Distributed Systems Schedule

Overview

Please print out your answers and hand them in during the class. Thanks!

Lecture 2

Q1: [C#threads]

It is important to pick the right lock granularity. If the lock is too "big", there won't be enough concurrency. If the lock is too "small", it might not be correct (and might also bring deadlock problems). Explain the choice of lock granularity in Lab 1 for lock_server and argue why it is correct. Give an example of a fine grained lock that is incorrect for lock_server.

Q2: [RPC]

The RPC library for our labs provides at-most-once semantics and thus it does not guarantee delivery. Is it worthwhile to augment it to provide exactly-once semantics? Explain.

Lecture 3

Q1: [MapReduce]

In MapReduce, each Mapper saves intermediate key/value pairs in R partitions on its local disk. Contrast the pros and cons of this approach to the alternative of having Mappers directly send intermediate results in R reducers that shuffle and save intermediate results on reducers' local disk before feeding them to the user-defined reduce function.

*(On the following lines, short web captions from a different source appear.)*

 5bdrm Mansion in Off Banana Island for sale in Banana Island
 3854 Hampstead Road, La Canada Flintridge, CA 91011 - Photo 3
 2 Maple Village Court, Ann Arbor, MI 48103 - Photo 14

Q2: [MapReduce] Give a back-of-the-envelop calcuation for how long it takes to sort 1TB data (in 10^10 100-byte records) on one commodity computer. Give a back-of-the-envelop calculation for how long it takes to sort the same amount of data on 1000 machines using MapReduce (R=1000). Write down your assumptions about disk or network performances if there are any.

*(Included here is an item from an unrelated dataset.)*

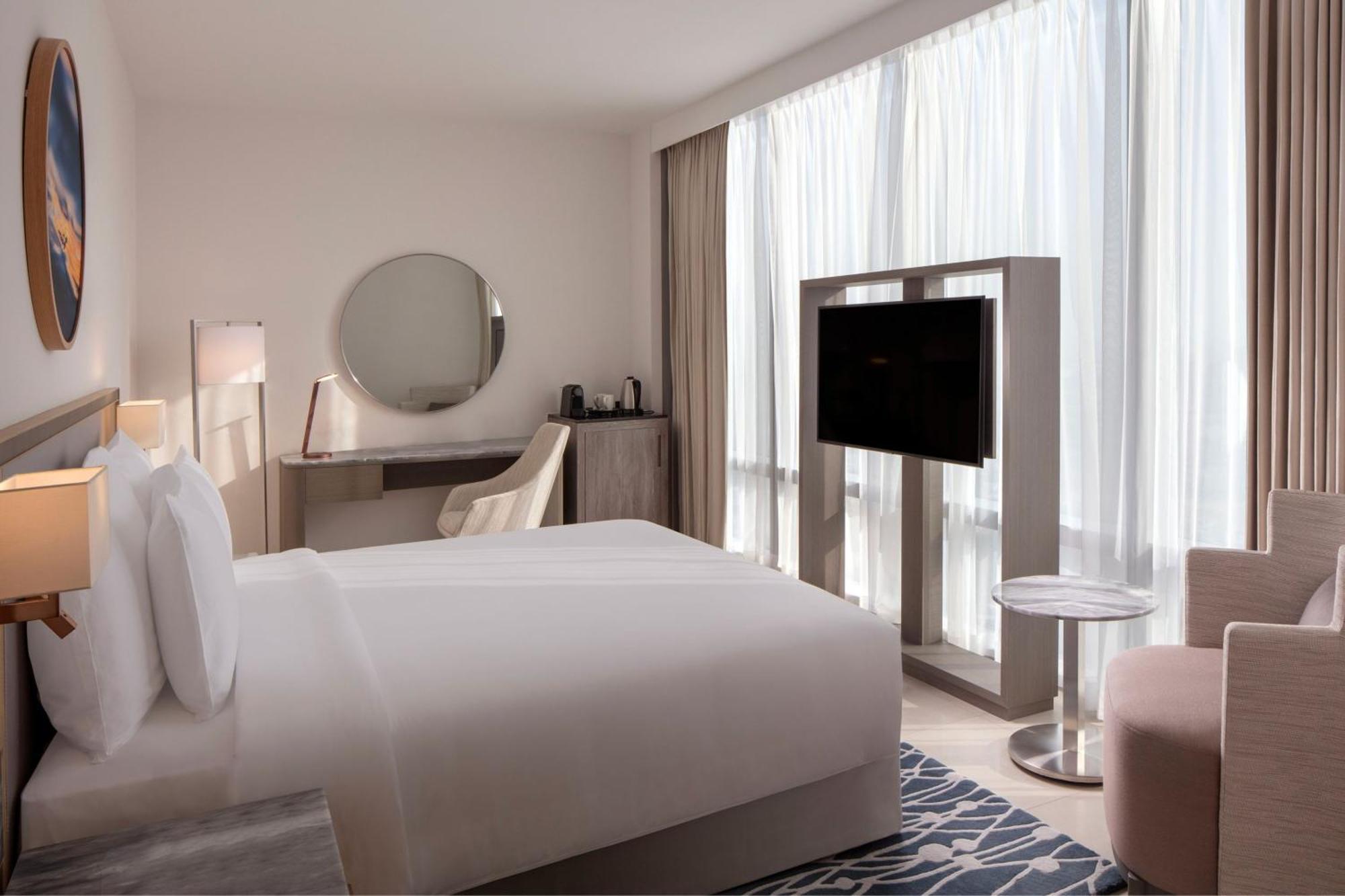 The First Collection Jumeirah Village Circle, A Tribute Portfolio By Marriott 4* Dubái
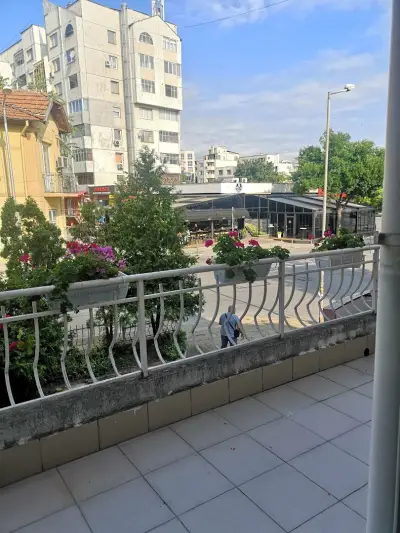 Avenue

Q3: [Dryad] Describe a MapReduce program (or a series of MR programs) that solves the example SQL query in Section 2.1 of [Dryad]. If you assume different input file formats than ugriz.bin and and neighbors.bin than in the paper, explain them.

Lecture 5

Q1: [Bayou]
Say you want to implement a Calendar application on top of Bayou that supports three simple operations "ADD_EVENT", "DELETE_EVENT", "READ_EVENT". Each of the operations takes a timeslot as its argument and adds/deletes/reads/ an event. For fault tolerance reasons, a user can access the Calendar application from any Bayou server. Suppose each user is only allowed to access his own private Calendar, what kind of "non-intuitive" or "anomalous" results your Calendar user might experience? Suppose two users share a calendar, what kind of "non-intuitive" results they might experience?

Lecture 6

Q1: [SysR] What property must the system checkpoint operation guarantee? Atomicity? Consistency? How does System R guarantee it?

Q2: [Cedar] Why doesn't FSD log data writes?

Lecture 7

Q1: [Two phase commit]
Beyond what point in the execution of the distributed 2-phase commit protocol is the transaction considered committed (no matter what happens later)?

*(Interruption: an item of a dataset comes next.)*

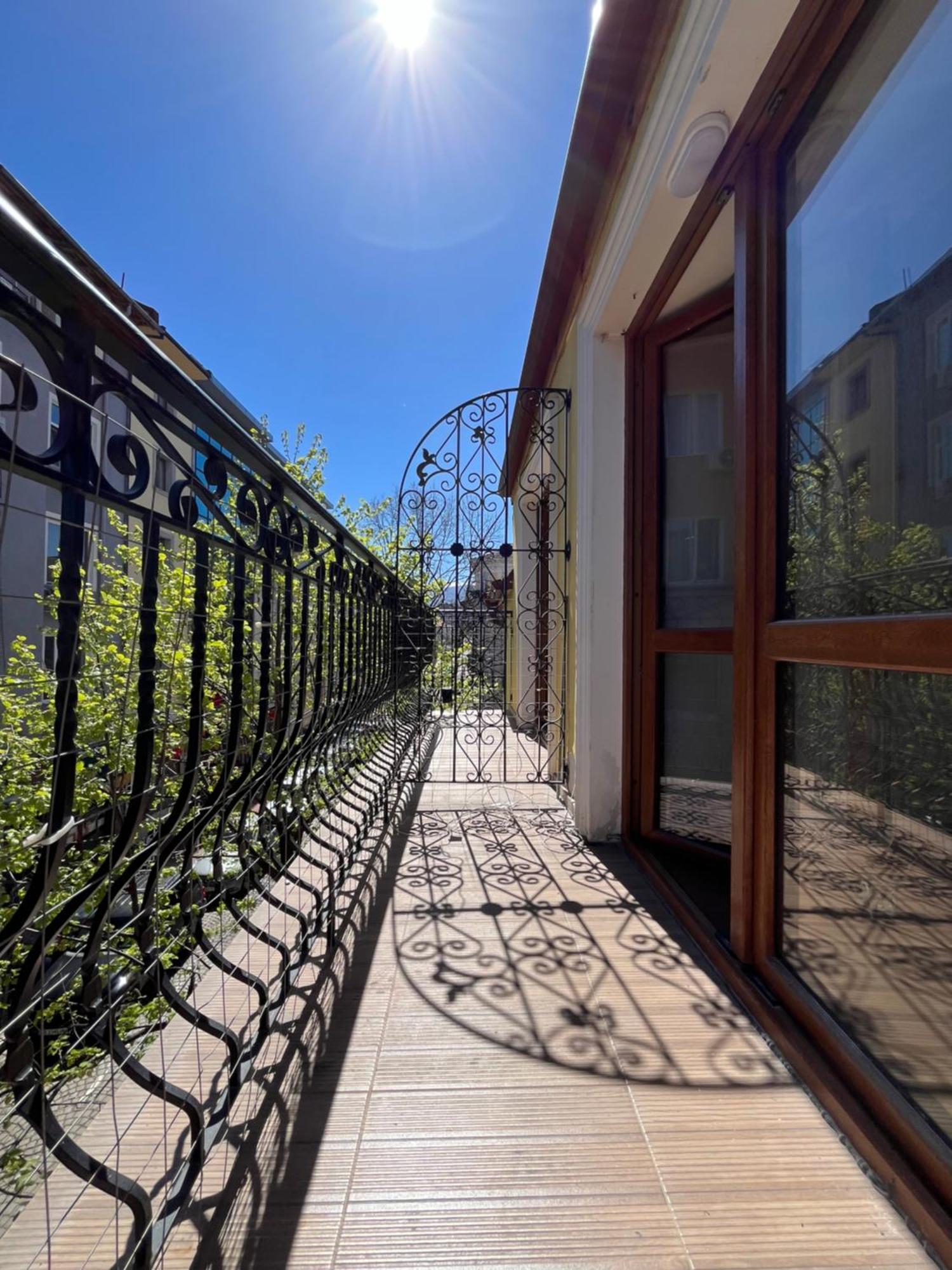 En-Suite Rooms: Novа Guesthouse In Sofia Center Exteriör bild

Q2: Why must the coordinator in two phase commit log the outcome of its decision before sending out commit messages?

Lecture 9

Q1: [Hypervisor]
Suppose the primary fails due to a power failure, the backup takes over, and then power to the primary is restored. You would like the primary to resume replicated execution so that the system could tolerate a subsequent failure of the backup. Is this likely to be easy with hypervisor-based fault-tolerance? Why or why not?

Q2: [Paxos]
Is Paxos guranteed to terminate with a consensus if there are a majority of live nodes available? Why and why not?

Lecture 10

Q1: [PBFT]
If bad nodes are simply faulty (i.e. they happen to compute incorrect results) as opposed to being actively malicious, what is the number of replicas needed to handle f bad nodes? Why?

Lecture 11

Q1: [SUNDR]
In the simple straw-man, both fetch and modify operations are placed in the log and signed. Suppose an alternate design that only signs and logs modify operations. Does this allow a malicious server to break fetch-modify consistency or fork consistency? Why or why not? (Courtesy of Frans Kaashoek).

Lecture 12

Q1: [LBFS]
LBFS decides breakpoints based on the fingerprint of a 48-byte region. Why not just determine the breakpoints based on the actual content of the 48-byte region?